Following its premiere at Sundance and a run on the festival circuit, Easter Snap was uploaded online in September by Field of Vision, which describes itself as “a filmmaker-driven documentary unit that commissions and creates original short-form nonfiction films about developing and ongoing stories around the globe.” Some works uploaded by Field of Vision are accompanied by an interview with the filmmaker, or sometimes with other “field notes” illuminating and explicating whatever has been depicted in the given film itself. But Easter Snap has been offered sans any context beyond a one-sentence description—a lack of guidance that befits the picture’s approach to nonfiction form. Easter Snap movies back and forth between fairly straightforward nonfiction portraiture and increasingly mysterious evocations of elements and histories not actually physically present, sometimes even within the span of a single unbroken shot.
Even basic details about the film can prove relatively hard to grasp. The larger implications of its title, for instance, remains elusive to me; although my grandfather, currently living near Mobile, Al., suggests it may refer to “a ‘cold snap’ (weather) around Easter time”. On a related note, I also failed to discover any notes or reviews listing exactly where the film takes place, at least nothing more specific than “the deep south, Alabama”. But—if you freeze-frame the film at exactly the right second during the last shot, then flip the image, and then look in one of the rearview mirrors, you’ll discover that we’re somewhere off US Route 29 in Alabama, headed toward a town named Liberty. Which to some extent illustrates the potency and clarity of the symbols and subtexts being employed here—as well as the unusual extent to which they’ve been hidden beneath the surface, or even literally within the frame itself.
What’s consistent in nearly all the meaning those hidden prompts suggest, at least to me, is some kind of dialogue between past and present. More specifically, an awareness that significant histories are being lost to time every day, and yet also that histories we believe long gone remain here with us in the present; the film wise enough to understand both ideas not only can be, but rather must be, simultaneously true (and on a related note: Easter Snap is dedicated to the memory of two of its participants, Johnny Blackmon and Henry Taylor).

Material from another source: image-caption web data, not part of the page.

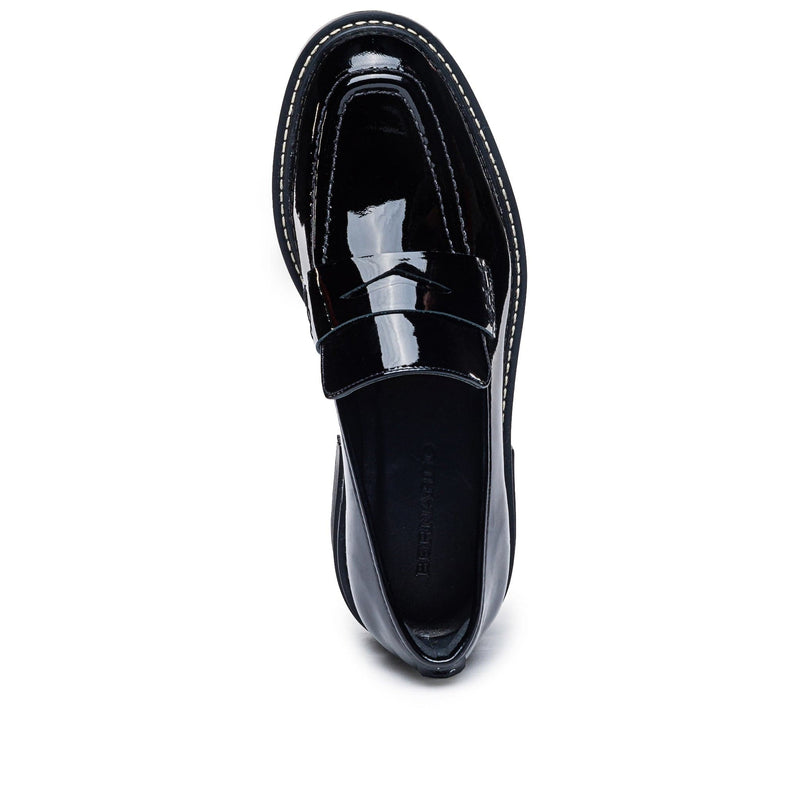 Bernardo Chandler Lug-Sole Women Loafers Black | ORX4552DH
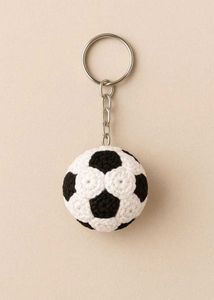 Football crochet Keychain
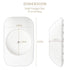 Vmaisi Baby Gate Wall Cup Protector, Pressure Mounted Safety Gates, Damage-Free, Fits Doorway, White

But more prominent than any subtextual meaning, at least while one is actually watching Easter Snap, is the radically transformative nature of the piece, which shape-shifts on its surface in response to whatever action is occurring in the frame at a given moment. First it establishes landscape; then a human presence; then character and diction; then a specific process; then suddenly, when the initial “plan” of the film is interrupted by something more urgent, the film itself responds, setting the image into action rather than pretending objectivity; and only when that matter is settled can the film can return to some sense of normalcy—except, of course, there is no such thing, as the haunting, undefinable sense of off-screen menace that pervades the final passage on the road seems to imply. Rich in surface detail and regional specificity yet unplaceable and irreducible beyond it, Easter Snap seems to bend to a psychology of its own, minute by minute and second by second: What begins as observational nonfiction then becomes personally involved with its subject, and in trying to step back to the original position afterwards, emerges in another realm entirely—that of poetic film-art.